Das war dasTraining:

Das erste Training für die Skiflug-WM in Vikersund ist beendet, und es zeigte schon deutlich, dass es auch diesmal wieder ganz schön weit gehen kann. Den Durchgang gewann jedenfalls mit ausgezeichneten 237 Metern der Österreicher Martin Koch. Mit Respektabstand folgen dahinter Robert Kranjec aus Slowenien (211,5 Meter), so wie der Deutsche Severin Freund, der ebenso wie der Viertplatzierte, der Österreicher Gregor Schlierenzauer, bei 216,5 Metern landete.

Den zweiten Durchgang dominierte dann erneut Martin Koch. Diesmal kam der Kärntner auf 219 Meter, und gewann, wie in Durchgang 1, vor dem Slowenen Robert Kranjec, der bei 213 Metern landete. Der Japaner Daiki Iti kam mit 209 Meter auf Rang drei, gefolgt vom Norweger Rune Velta, der bei 210 Metern landete.

Vorbericht:

Die Skiflug-WM auf dem Monster-Bakken von Vikersund wird für die Skispringer zu einer Mutprobe. Bei der Jagd nach den Medaillen und dem ersten 250-Meter-Flug der Historie sind auf der größten Schanze der Welt ganze Kerle gefragt.
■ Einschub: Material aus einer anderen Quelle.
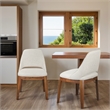 Maklaine Transitional Linen Fabric Dining Room&Kitchen Chair in Cream (Pair)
Die Parameter des wie in Stein gemeißelten Riesenbakkens sind atemberaubend. Der Anlauf beträgt 134 Meter, am 3,65 Meter hohen Schanzentisch heben die Springer mit einer Geschwindigkeit von bis zu 105 Kilometer pro Stunde ab.

250 Meter - das ist die magische Grenze. Das wäre Weltrekord. Die aktuelle Bestmarke hält der zu Wochenbeginn zurückgetretene Norweger Johan Remen Evensen, der im Vorjahr unglaubliche 246,5 Meter weit segelte. Norwegens Trainer Alexander Stöckl hält eine Steigerung bei den Titelkämpfen dennoch für möglich. "Aber es braucht optimale Bedingungen und auch den richtigen Fliegertyp", sagte der Österreicher.

Was diesen ausmacht, erläutert sein Landsmann Schuster. "Mentale Stärke ist immer gefragt, aber es geht darum, den Adrenalinkick aktiv anzusteuern. Man muss den Ski sehr flach führen. Da hat man fast das Gefühl, die Kräfte sind so groß, dass es einem die Schuhe auszieht. Das kann man nicht technisieren. Das ist in letzter Konsequenz eine Herzensangelegenheit", sagte der deutsche Bundestrainer.